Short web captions
◇ ◇ ◇ ◇

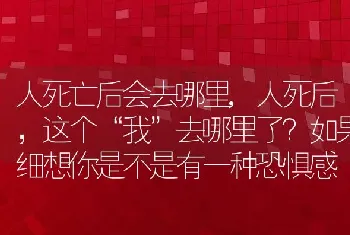 人死亡后会去哪里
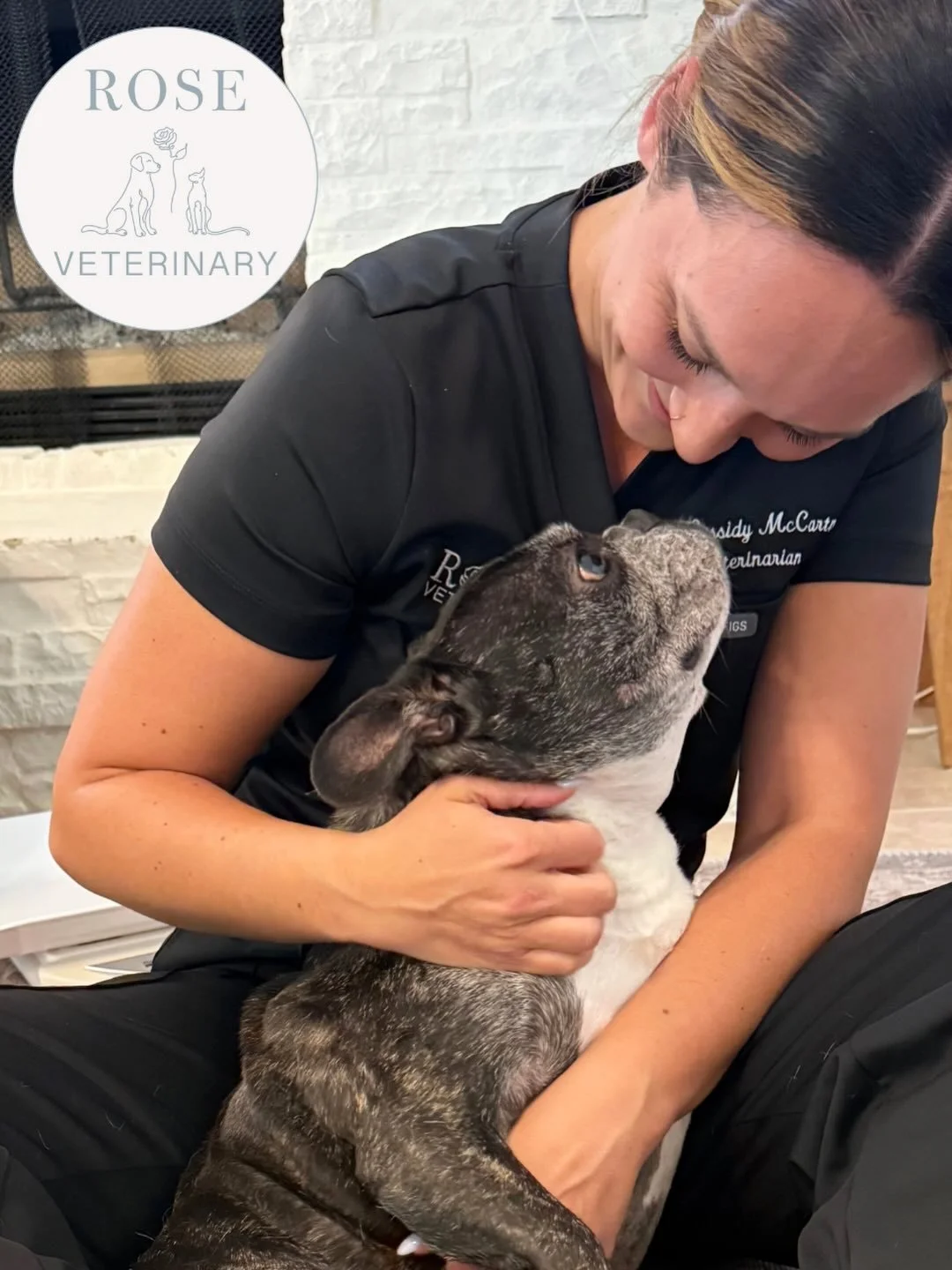 🌹 We&rsquo;re off to the BEST start! 

Our first couple of weeks at Rose Veterinary have been nothing short of amazing - and we are absolutely loving every single visit. 🐾🏡

We&rsquo;ve already met some seriously incredible pets, had some truly sp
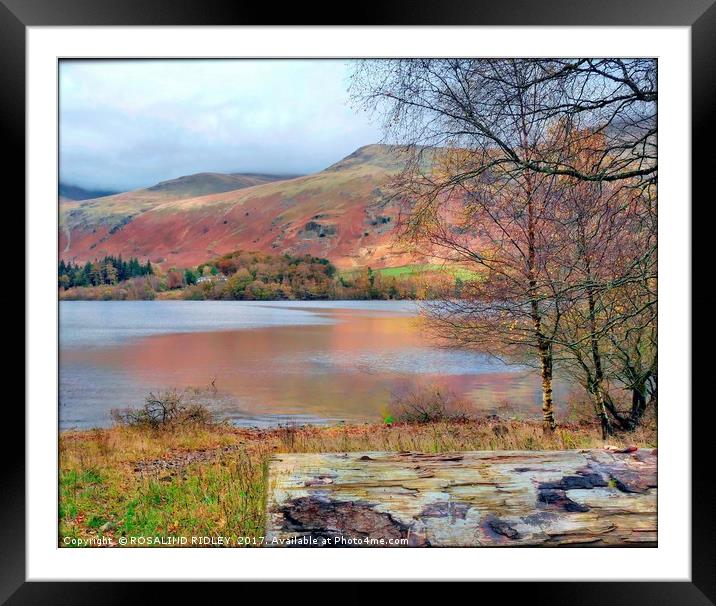 "Winding path across the lake" Framed Mounted Print by ROS RIDLEY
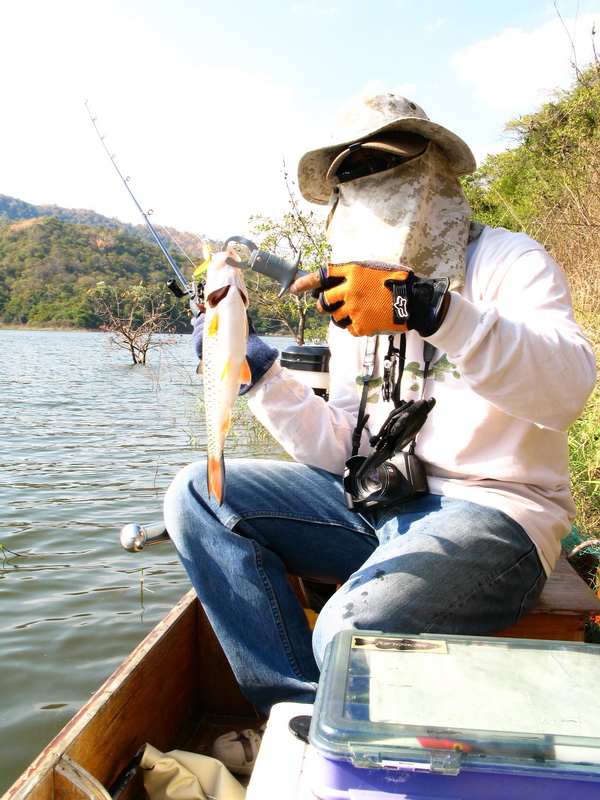 [q][i]อ้างถึง: ต่าย_actionlure posted: 25-12-2552, 10:47:03[/i]

ตามชมจร้าน้าเอ ..................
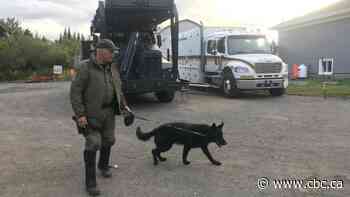 Quebec police say suspect in Amber Alert has survival skills as search drags into 3rd day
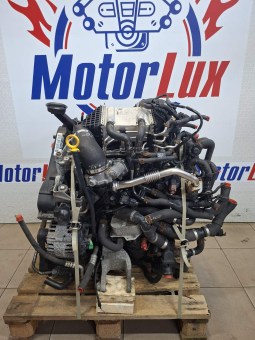 43040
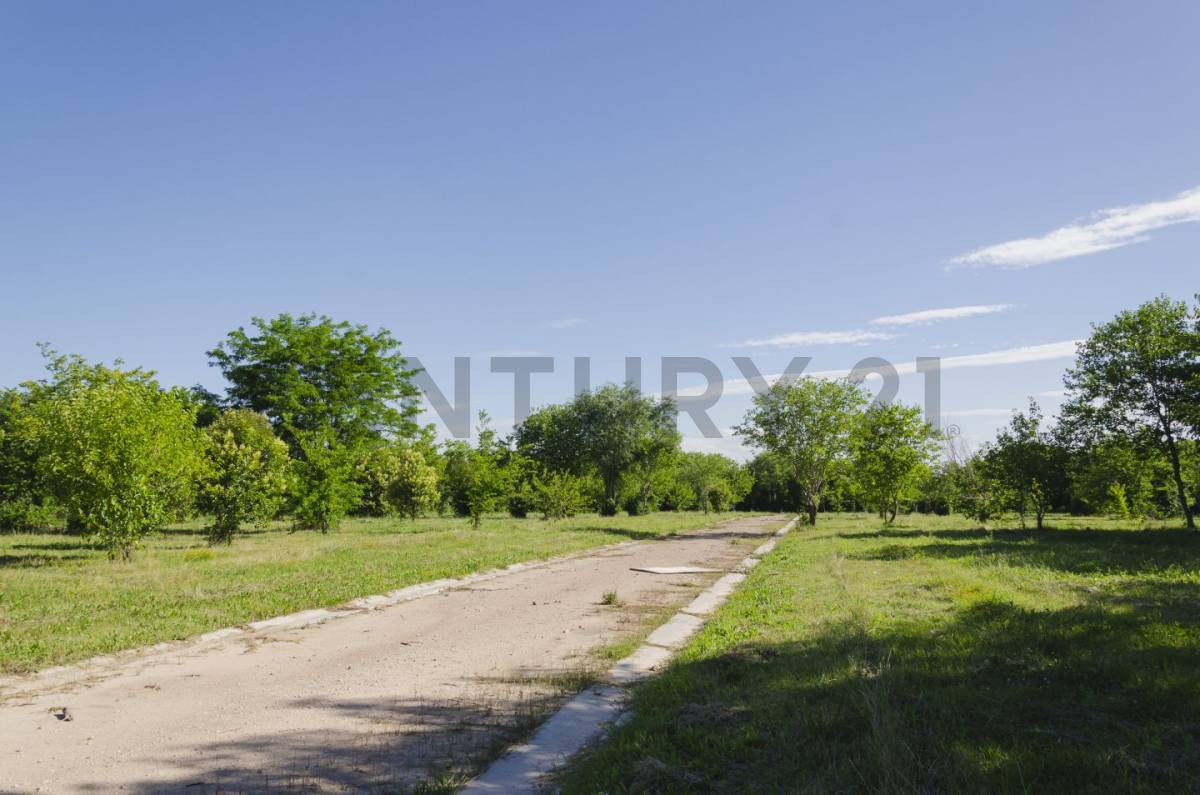 Lote de 637 m² en La Plata, foto 4
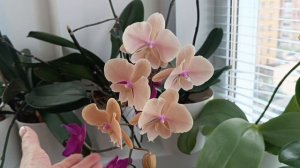 Я не ЗНАЛА, что это будет ОНА😍🤩👍 РОСПУСК-СЮРПРИЗ🧡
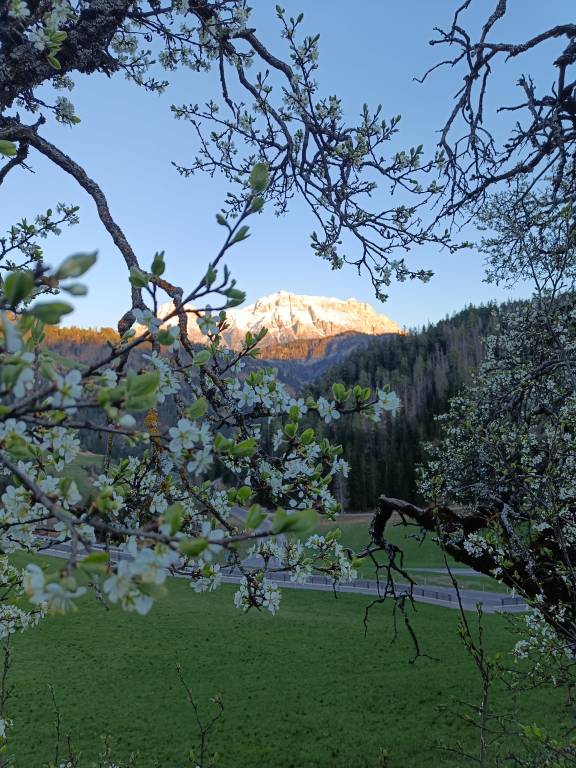 foto18
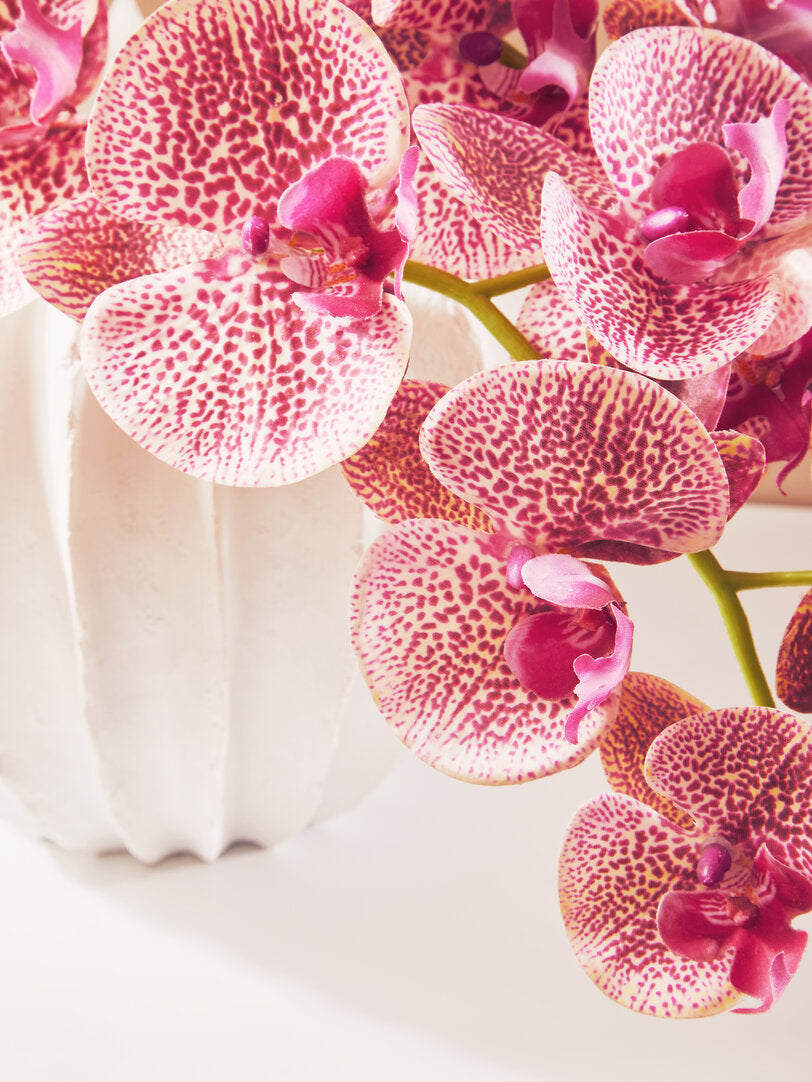 Fiori Artificial flowers 100cm Spray Pink Orchid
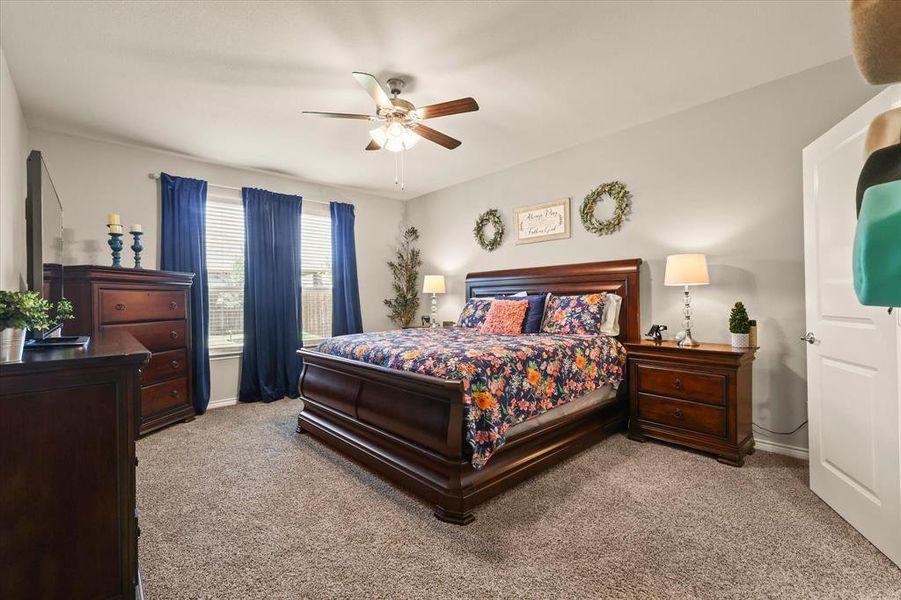 Carpeted bedroom with baseboards and a ceiling fan Carpeted bedroom with baseboards and a ceiling fan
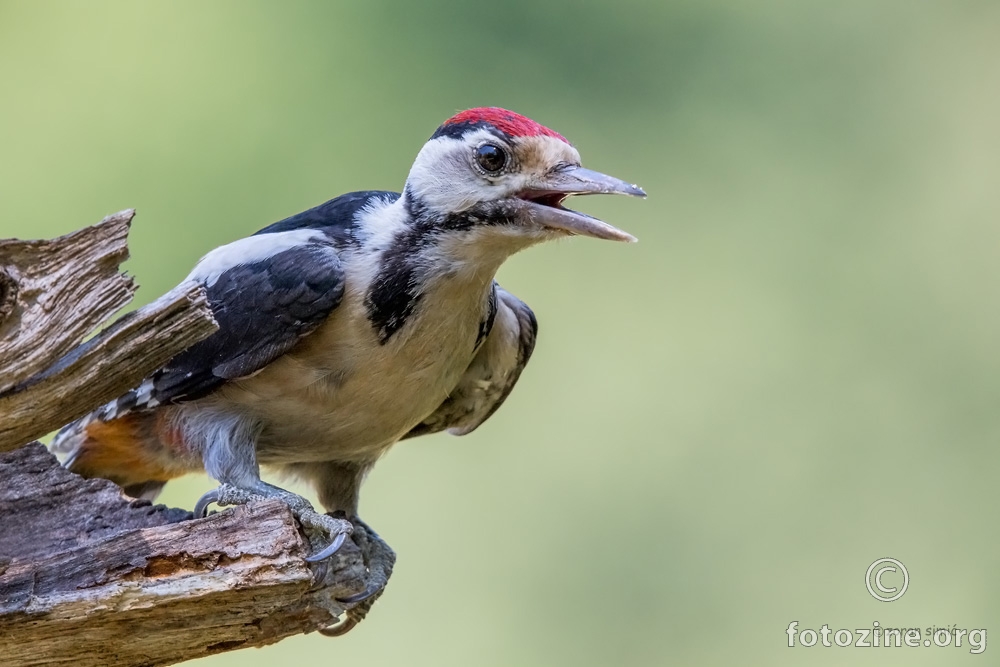 veliki djetlić (Dendrocopos major)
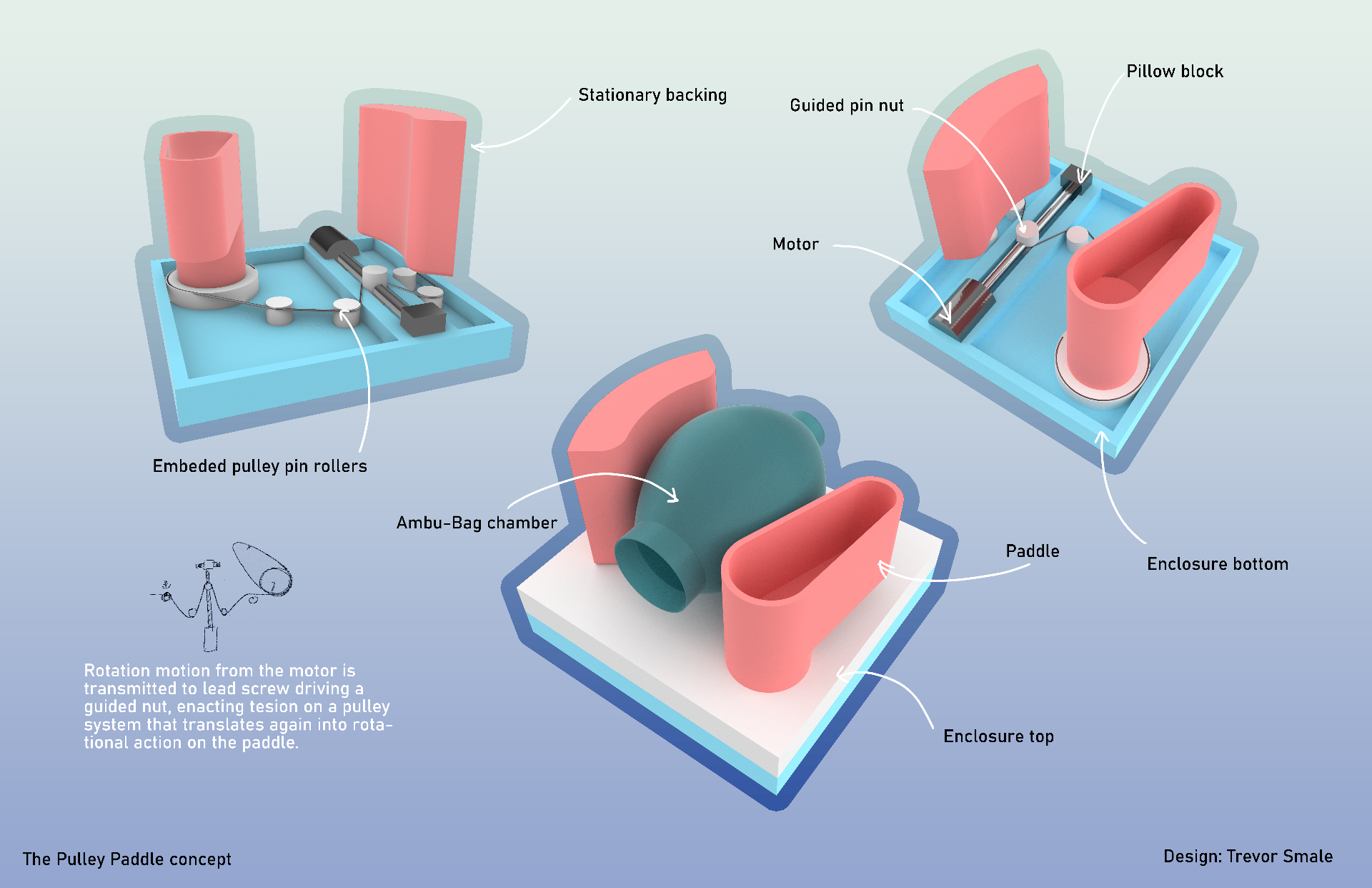 Chapter 4: ACLS | American CPR Care Association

◇ ◇ ◇ ◇

Leave out the pictures and print every line of the data exactly.

Solution for this problem
 人死亡后会去哪里
 🌹 We&rsquo;re off to the BEST start! 

Our first couple of weeks at Rose Veterinary have been nothing short of amazing - and we are absolutely loving every single visit. 🐾🏡

We&rsquo;ve already met some seriously incredible pets, had some truly sp
 "Winding path across the lake" Framed Mounted Print by ROS RIDLEY
 [q][i]อ้างถึง: ต่าย_actionlure posted: 25-12-2552, 10:47:03[/i]

ตามชมจร้าน้าเอ ..................
 Quebec police say suspect in Amber Alert has survival skills as search drags into 3rd day
 43040
 Lote de 637 m² en La Plata, foto 4
 Я не ЗНАЛА, что это будет ОНА😍🤩👍 РОСПУСК-СЮРПРИЗ🧡
 foto18
 Fiori Artificial flowers 100cm Spray Pink Orchid
 Carpeted bedroom with baseboards and a ceiling fan Carpeted bedroom with baseboards and a ceiling fan
 veliki djetlić (Dendrocopos major)
 Chapter 4: ACLS | American CPR Care Association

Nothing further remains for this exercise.